### WORK ITEM
The response should consist only of the lines from the one with "New Build - Apartment - Guardamar del Segura" to the end of the data below, copied exactly and without pictures.

### GIVEN INFORMATION
****************************************

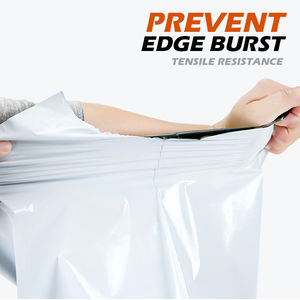 Bolsas <span class=keywords><strong>de</strong></span> correo con logotipo personalizado, bolsa <span class=keywords><strong>de</strong></span> poliéster impresa, envío por correo - Product Image 6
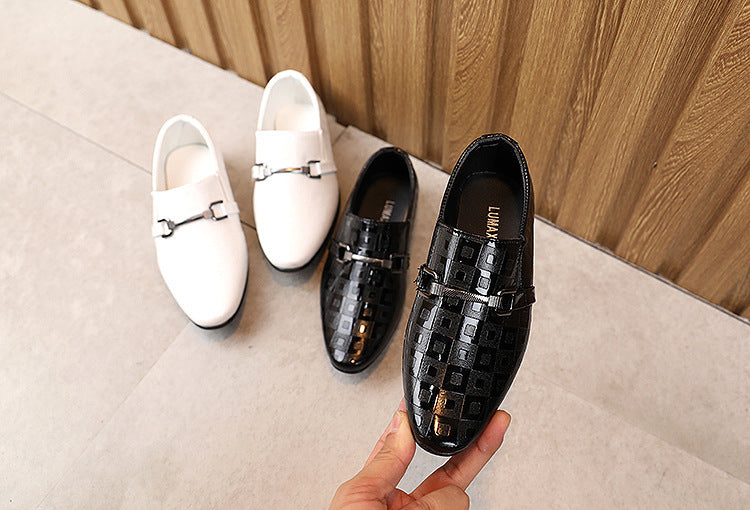 Boys' Dance Leather Shoes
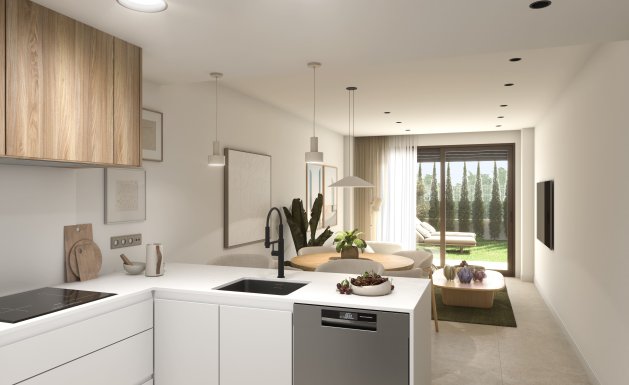 New Build - Apartment - Guardamar del Segura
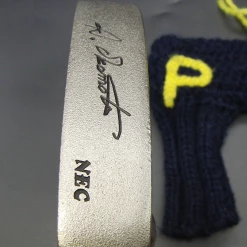 Mizuno A. Okamoto Signature NEC Putter 83.5cm Length Graphite Shaft + Headcover -MACTEC Golf Shop 57 fcfe2ad3 cd7d 4c14 934e 9110b94b1c91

****************************************

### WRITTEN RESPONSE
 New Build - Apartment - Guardamar del Segura
 Mizuno A. Okamoto Signature NEC Putter 83.5cm Length Graphite Shaft + Headcover -MACTEC Golf Shop 57 fcfe2ad3 cd7d 4c14 934e 9110b94b1c91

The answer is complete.